-- DATA FOR THIS EXERCISE follows --

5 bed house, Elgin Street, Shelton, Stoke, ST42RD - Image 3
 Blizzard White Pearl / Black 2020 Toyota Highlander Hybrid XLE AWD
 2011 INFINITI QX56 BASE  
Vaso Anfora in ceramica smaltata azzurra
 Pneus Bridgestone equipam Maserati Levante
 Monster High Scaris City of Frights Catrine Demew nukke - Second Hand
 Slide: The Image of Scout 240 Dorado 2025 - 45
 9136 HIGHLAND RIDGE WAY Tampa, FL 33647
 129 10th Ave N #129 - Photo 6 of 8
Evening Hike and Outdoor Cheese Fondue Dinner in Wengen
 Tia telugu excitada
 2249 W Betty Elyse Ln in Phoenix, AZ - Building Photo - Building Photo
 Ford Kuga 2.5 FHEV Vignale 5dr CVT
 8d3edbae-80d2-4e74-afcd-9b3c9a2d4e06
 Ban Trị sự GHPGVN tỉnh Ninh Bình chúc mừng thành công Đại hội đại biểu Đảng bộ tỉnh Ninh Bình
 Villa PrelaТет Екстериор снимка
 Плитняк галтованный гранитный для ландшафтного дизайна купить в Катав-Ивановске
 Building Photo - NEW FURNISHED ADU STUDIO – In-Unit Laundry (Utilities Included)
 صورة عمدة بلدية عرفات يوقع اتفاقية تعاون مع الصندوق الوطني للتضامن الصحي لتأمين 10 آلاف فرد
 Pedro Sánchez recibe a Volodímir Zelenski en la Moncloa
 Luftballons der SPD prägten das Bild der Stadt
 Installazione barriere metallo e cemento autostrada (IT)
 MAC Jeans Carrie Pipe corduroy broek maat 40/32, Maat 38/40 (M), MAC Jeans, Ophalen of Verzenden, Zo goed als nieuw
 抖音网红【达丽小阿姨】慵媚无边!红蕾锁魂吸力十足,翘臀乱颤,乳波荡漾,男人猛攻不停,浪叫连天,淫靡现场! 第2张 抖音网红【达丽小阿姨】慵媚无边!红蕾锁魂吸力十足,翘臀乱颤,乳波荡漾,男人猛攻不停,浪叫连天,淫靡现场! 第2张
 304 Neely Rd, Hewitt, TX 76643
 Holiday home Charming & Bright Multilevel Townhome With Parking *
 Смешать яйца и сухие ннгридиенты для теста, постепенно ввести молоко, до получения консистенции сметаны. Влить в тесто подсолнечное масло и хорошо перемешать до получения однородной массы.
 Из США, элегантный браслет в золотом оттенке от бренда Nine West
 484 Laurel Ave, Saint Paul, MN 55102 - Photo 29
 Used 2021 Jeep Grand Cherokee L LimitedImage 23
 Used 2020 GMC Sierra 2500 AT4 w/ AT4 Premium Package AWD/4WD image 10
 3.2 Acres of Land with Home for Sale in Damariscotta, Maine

-- DATA FOR THIS EXERCISE concluded --

> _GOAL OF THE EXERCISE_: The answer consists of the lines above that include the word "Photo", each copied exactly.

> _ANSWER BOX_:
 129 10th Ave N #129 - Photo 6 of 8
 2249 W Betty Elyse Ln in Phoenix, AZ - Building Photo - Building Photo
 Building Photo - NEW FURNISHED ADU STUDIO – In-Unit Laundry (Utilities Included)
 484 Laurel Ave, Saint Paul, MN 55102 - Photo 29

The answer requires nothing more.